The post and telecommunication industry has seen rapid growth. A complete modern communications system has been put in place, composed of program-controlled exchanges, fiber-optical communication, digital microwave, as well as satellite and mobile communications; and the entire region has been covered by optical cable, digital microwave and satellite communications.
—Overall agricultural production capacity notably enhanced. Xinjiang boasts abundant agricultural resources. In recent years, the industrialized production of grain, cotton, special fruit and quality livestock farming as well as agriculture facility building have quickened, and industrialized belts of advantageous and special farming products are taking shape. The fundamental status and overall production capacity of agriculture have both been enhanced, and the effective supply of agricultural products is increasing multifold.
In 2008, agricultural added value reached 69.1 billion yuan, 1.4 times more than that of 2000; and the total output of grain was 10.2285 million tons, leaving a slight surplus after meeting local demand.

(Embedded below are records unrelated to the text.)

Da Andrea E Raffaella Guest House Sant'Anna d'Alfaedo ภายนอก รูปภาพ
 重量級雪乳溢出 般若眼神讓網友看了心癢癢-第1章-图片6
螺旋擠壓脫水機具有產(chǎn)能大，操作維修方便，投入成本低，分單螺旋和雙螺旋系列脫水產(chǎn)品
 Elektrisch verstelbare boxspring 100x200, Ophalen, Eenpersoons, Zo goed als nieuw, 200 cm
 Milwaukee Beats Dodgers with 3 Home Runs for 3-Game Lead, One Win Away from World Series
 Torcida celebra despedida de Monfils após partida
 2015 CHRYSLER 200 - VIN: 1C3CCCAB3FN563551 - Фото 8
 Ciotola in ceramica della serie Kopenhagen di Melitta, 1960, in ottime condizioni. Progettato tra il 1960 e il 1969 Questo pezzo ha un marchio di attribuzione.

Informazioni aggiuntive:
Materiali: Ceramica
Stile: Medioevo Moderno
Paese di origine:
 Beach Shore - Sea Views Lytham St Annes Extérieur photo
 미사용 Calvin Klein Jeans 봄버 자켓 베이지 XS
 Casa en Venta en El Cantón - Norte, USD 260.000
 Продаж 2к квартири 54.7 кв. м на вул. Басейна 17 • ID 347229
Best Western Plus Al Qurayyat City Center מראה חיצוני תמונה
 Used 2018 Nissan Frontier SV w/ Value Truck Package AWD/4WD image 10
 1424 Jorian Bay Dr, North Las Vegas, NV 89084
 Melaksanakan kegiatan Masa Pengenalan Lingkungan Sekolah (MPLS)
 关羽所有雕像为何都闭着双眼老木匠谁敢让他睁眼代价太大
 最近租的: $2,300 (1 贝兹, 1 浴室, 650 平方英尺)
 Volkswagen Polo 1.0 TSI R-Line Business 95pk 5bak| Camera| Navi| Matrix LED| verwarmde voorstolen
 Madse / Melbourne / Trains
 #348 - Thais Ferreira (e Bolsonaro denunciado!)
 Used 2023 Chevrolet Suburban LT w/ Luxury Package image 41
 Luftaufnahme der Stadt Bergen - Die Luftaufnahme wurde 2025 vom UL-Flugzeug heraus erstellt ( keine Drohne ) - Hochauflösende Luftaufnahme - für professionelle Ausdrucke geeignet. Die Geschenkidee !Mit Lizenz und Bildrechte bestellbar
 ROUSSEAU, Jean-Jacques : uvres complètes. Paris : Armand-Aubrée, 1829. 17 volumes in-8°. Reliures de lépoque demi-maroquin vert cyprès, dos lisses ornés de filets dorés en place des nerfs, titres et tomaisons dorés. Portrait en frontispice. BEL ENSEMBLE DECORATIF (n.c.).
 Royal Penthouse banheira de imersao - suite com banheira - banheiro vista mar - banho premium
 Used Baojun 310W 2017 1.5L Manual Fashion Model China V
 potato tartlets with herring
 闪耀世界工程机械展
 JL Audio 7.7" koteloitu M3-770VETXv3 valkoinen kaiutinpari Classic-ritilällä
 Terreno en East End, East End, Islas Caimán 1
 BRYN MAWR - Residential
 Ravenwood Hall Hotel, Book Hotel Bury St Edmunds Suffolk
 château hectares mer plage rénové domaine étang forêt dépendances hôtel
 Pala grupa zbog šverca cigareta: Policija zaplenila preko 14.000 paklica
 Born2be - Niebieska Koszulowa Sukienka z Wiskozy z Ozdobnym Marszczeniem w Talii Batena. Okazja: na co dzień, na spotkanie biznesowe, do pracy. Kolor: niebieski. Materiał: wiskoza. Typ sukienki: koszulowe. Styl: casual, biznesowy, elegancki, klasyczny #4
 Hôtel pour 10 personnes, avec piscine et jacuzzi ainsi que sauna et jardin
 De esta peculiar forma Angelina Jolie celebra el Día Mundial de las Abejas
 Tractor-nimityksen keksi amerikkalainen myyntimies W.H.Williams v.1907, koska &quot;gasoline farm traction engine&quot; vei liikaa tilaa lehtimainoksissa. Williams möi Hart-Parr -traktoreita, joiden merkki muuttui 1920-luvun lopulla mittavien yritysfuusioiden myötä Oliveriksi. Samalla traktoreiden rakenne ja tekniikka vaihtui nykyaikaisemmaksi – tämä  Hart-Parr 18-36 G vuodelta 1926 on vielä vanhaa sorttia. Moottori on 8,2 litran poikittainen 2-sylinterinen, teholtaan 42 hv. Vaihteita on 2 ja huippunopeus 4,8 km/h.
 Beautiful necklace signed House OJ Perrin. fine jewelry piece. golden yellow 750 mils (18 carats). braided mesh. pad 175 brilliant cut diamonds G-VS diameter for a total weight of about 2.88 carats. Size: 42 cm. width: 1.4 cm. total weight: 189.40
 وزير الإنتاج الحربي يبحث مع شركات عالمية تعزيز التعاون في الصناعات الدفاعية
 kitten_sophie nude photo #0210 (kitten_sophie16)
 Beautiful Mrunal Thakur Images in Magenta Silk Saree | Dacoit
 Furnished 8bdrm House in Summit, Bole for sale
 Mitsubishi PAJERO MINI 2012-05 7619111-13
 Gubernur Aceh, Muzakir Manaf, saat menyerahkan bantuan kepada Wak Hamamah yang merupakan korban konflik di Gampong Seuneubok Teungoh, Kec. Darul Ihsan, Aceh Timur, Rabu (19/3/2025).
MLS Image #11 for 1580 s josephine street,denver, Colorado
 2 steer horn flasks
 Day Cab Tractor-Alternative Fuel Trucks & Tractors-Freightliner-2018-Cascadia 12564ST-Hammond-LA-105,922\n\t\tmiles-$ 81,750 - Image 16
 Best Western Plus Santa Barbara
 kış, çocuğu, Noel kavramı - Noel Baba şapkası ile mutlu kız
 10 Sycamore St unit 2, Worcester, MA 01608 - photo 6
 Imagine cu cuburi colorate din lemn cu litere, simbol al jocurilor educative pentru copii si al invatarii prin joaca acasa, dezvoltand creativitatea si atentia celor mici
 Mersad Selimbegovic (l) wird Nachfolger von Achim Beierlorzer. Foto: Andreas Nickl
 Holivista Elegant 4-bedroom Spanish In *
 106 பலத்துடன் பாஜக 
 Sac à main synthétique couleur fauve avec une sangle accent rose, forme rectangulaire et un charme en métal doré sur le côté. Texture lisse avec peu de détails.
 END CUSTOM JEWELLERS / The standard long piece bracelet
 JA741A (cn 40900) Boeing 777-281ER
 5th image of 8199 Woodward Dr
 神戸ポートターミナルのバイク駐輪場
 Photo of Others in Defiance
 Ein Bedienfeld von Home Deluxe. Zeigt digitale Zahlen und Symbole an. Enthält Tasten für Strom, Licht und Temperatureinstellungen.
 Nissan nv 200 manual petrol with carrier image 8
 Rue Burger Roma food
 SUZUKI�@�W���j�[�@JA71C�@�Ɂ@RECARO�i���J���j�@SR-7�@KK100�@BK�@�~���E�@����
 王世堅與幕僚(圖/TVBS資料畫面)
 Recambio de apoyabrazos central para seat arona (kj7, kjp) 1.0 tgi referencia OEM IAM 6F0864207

As one of China's major bases of commercial cotton, Xinjiang produced 3.0155 million tons of cotton in 2008, ranking first in China in terms of total output, per-unit output and per-capita output.
Modern animal husbandry has accelerated its growth, and it now accounts for 27% of local agricultural output value. In 2008, meat output stood at 1.7549 million tons, up 95% from 2000. Fruit production is also increasing quickly. In 2008, the total area of fruit trees exceeded one million ha, and fruit output totaled over four million tons, worth six billion yuan in output value.